Tuesday, October 6, 2009

The Age of Empathy: Nature's Lessons for a Kinder Society

Since the name of this blog was inspired by one of Frans de Waals books, I feel a certain responsibility to note that he has a new one out... haven't read it yet, but Slate has what appears to be pretty good brief of de Waal's latest:
Philosophy and religion, as well as science, have long suggested that caring and kindness do not come from our biology but instead are ways in which we overcome our biology: Niceness is a refinement. Contrast the ease with which aggression, domination, and violence are attributed to our DNA. In the era of the "selfish gene," any animal altruism gets recast as self-interest in disguise. The columnist David Brooks has summarized the findings like this: "From the content of our genes, the nature of our neurons and the lessons of evolution, it has become clear that nature is filled with competition and conflicts of interest."

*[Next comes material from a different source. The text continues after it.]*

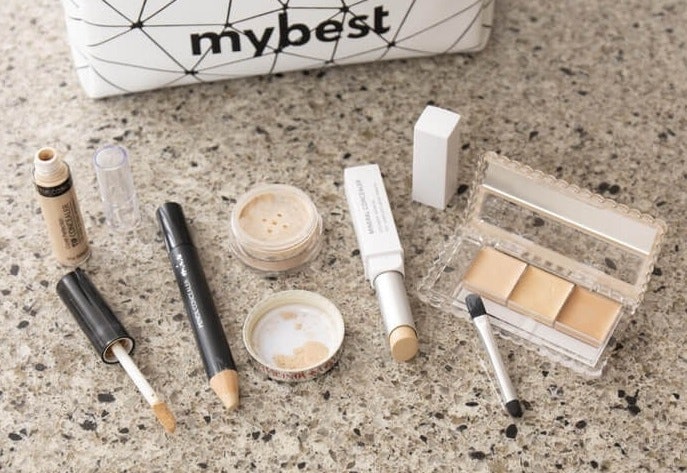 Gunakan concealer yang cocok dengan kulit Anda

But lately scientists, from biologists to psychologists—with de Waal at the forefront—have begun suggesting that nature is filled with compassion, too. This isn't a mere pendulum swing to warmth and cuddliness. Research on social animals—like elephants, dolphins, baboons, chimpanzees (deWaal's specialty), and even hyenas—has complicated what has for too long been a reductive picture. These animals participate in dynamic societies made up of individuals, and their lives are replete with feelings, decisions, and intentions, rooted in biology yet elaborated in cooperative—and competitive—interaction. By comparing their worlds, with each other and with our own, de Waal explains, we can learn about the true anatomy of the social psyche. The result should deliver a jolt: Nature isn't so red in tooth and claw, and civilization may not be so neatly edifying. In fact, if we have a destructive impulse to watch out for, it may be our readiness to embrace the "civilized" view that deep down we're horrible.

I would like to think that there aren't many people who need to be informed of the innumerable fallacies and failings of Social Darwinism and "greed is good" philosophies... but I suppose it can't hurt to point out that, beyond the immorality, the underlying analogy isn't even accurate.